Look who's not invited

A Pacific Rim trade plan driven by the US conspicuously excludes China, just one of the flaws in a process that serves corporate America

PUBLISHED : Wednesday, 20 November, 2013, 10:56am
UPDATED : Thursday, 21 November, 2013, 2:38am

US President Barack Obama obviously hates WikiLeaks already and must be fuming at last week's leak of the draft of the chapter on intellectual property of the Trans-Pacific Partnership (TPP) trade deal, which is a cornerstone of his foreign policy.

But the hundreds of millions of people directly affected and the several billion indirectly involved should be grateful and must now hope that the leak will deal a death blow to this dangerously secretive way of negotiating international trade deals. At the very least, the revelation should ensure Obama does not get fast-track authority to push the deal through Congress before the end of the year.

The TPP has long been controversial because critics complain the exclusion of China from the talks now involving 12 Pacific Rim countries is part of an attempt by America to maintain its hegemony.

But even staunch supporters of free trade - who point out that a genuinely free-trade agreement should be a win-win situation for all players - are unhappy with fundamental aspects of this deal, some of which the WikiLeaks documents reveal. Among the complaints are:

  • The TPP has a basic political intent because it excludes China;
  • It is undemocratic because there has been insufficient public discussion or debate about proposals and arguments going on behind closed doors;
  • It is not basically a trade agreement because of the 29 chapters that have been admitted to be part of the negotiations, only five deal directly with trade - the other 25 are concerned with food and environmental standards, intellectual property rights and other issues;
  • The TPP as constituted plays into the hands of big US firms, especially pharmaceutical companies and Disney, which are the major beneficiaries and have been allowed to shape the negotiations even as politicians and the public have been excluded.

Some of the most strident opponents of the deal, including Yves Smith, founder of the blog Naked Capitalism, claim that if the TPP goes through, it could kill people in order to enrich big US pharmaceutical companies. "The intent is to strengthen America's aggressive patent regime and require foreign countries to comply with it," Smith wrote.

The US Food and Drug Administration is generally sympathetic to Big Pharma and will allow a minor change to an existing drug - for example, an extended-release version of a pill that needs to be taken only once a day - to get a new patent.

The effect, if the US gets its way, would be to make drugs more expensive throughout the TPP area and to make cheaper generic drugs less available. But the planned TPP provisions will apply to surgical procedures and medical devices as well as drugs, at the instigation of the big US corporations.

Medicins sans Frontieres, the international medical and aid charity, criticised the TPP provisions, saying: "The TPP currently includes some of the harshest provisions against access to medicines ever included in a trade agreement with developing countries, gutting public health safeguards and leaving them unable to take the steps needed to protect the lives and health of their people above the profit of multinational pharmaceutical companies."

Some governments, including Canada, Chile, Malaysia, New Zealand and Singapore are pushing back, but the big US corporations are fighting hard with the advantage of privileged access to discussions.

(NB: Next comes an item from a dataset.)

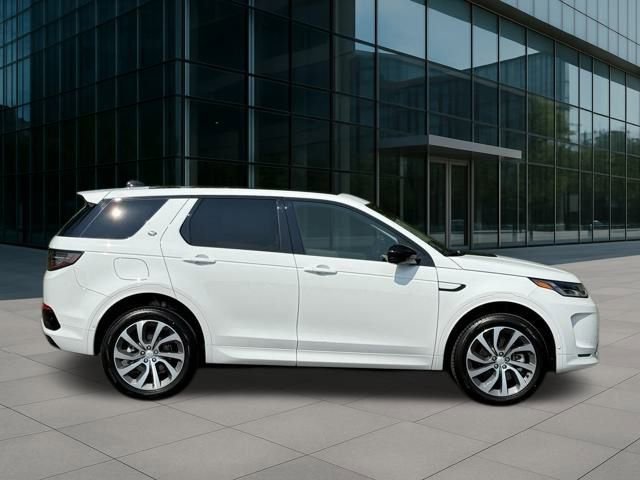 New 2024 Land Rover Discovery Sport S image 6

The intent is to strengthen America’s aggressive patent regime

Other big winners will be large entertainment companies such as Disney, which have been pushing for extended copyright protection beyond the hitherto accepted terms. Internet service providers will be expected to act as copyright police.

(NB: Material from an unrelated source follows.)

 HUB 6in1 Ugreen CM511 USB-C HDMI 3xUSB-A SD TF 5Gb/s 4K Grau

This controversy has been started over just one leaked chapter of the TPP, although the draft has been updated twice since the leaked version, but no one has revealed in which ways.

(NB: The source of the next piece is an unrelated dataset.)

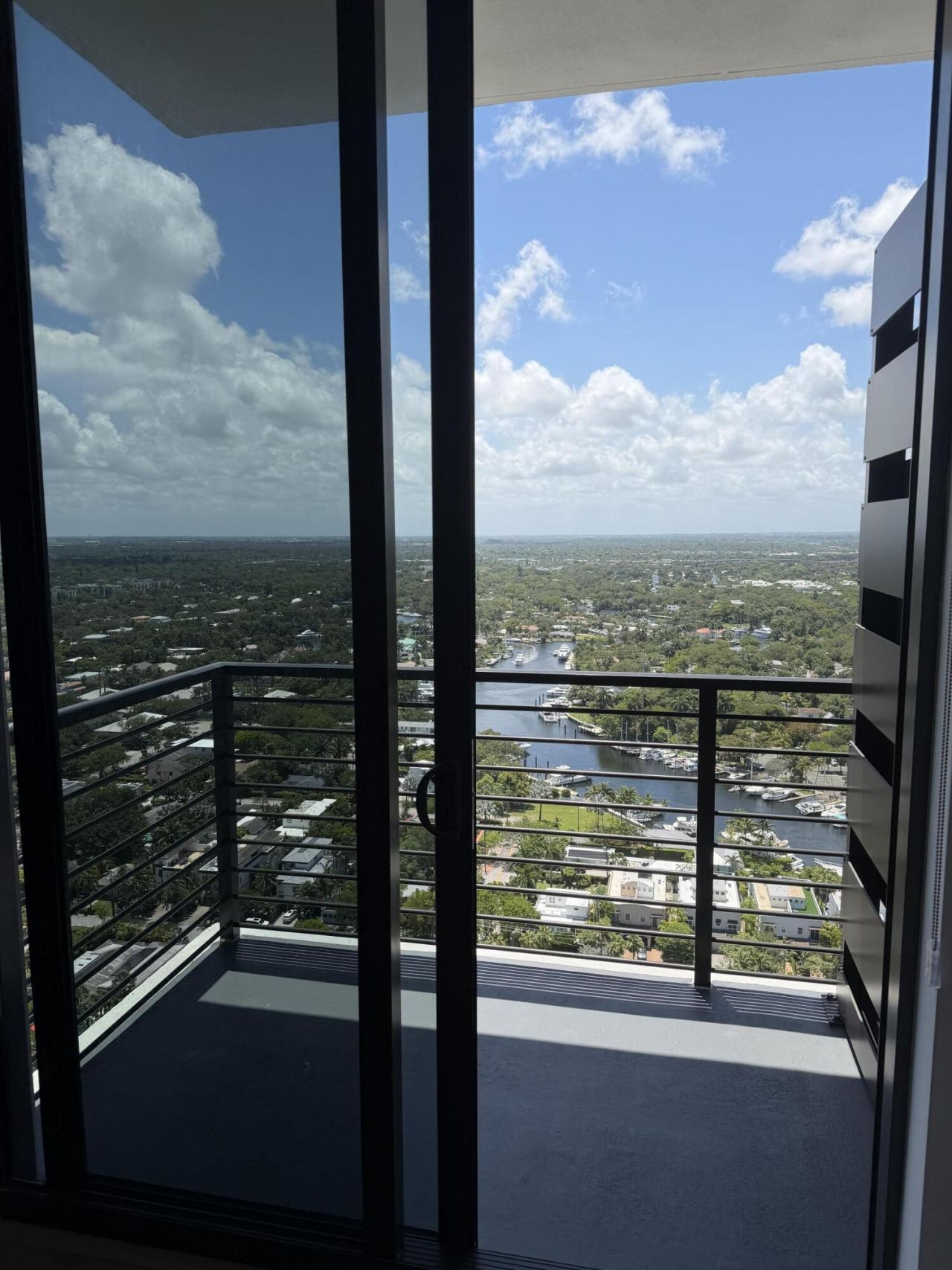 307 SW 5th Street, Unit Ph2811, Fort Lauderdale, FL 33315 Photo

WikiLeaks editor-in-chief Julian Assange said: "If instituted, the TPP's IP regime would trample over individual rights and free expression … If you read, write, publish, think, listen, dance, sing or invent; if you farm or consume food; if you're ill now or might one day be ill, the TPP has you in its cross hairs."

Smith claims that the way the secretive TPP talks have been going on - with 700 corporate executives helping to frame the debate while Congress is kept in the dark - is proof of the "corporatisation of America".

Unfortunately, as WikiLeaks has shown, in modern America, money talks.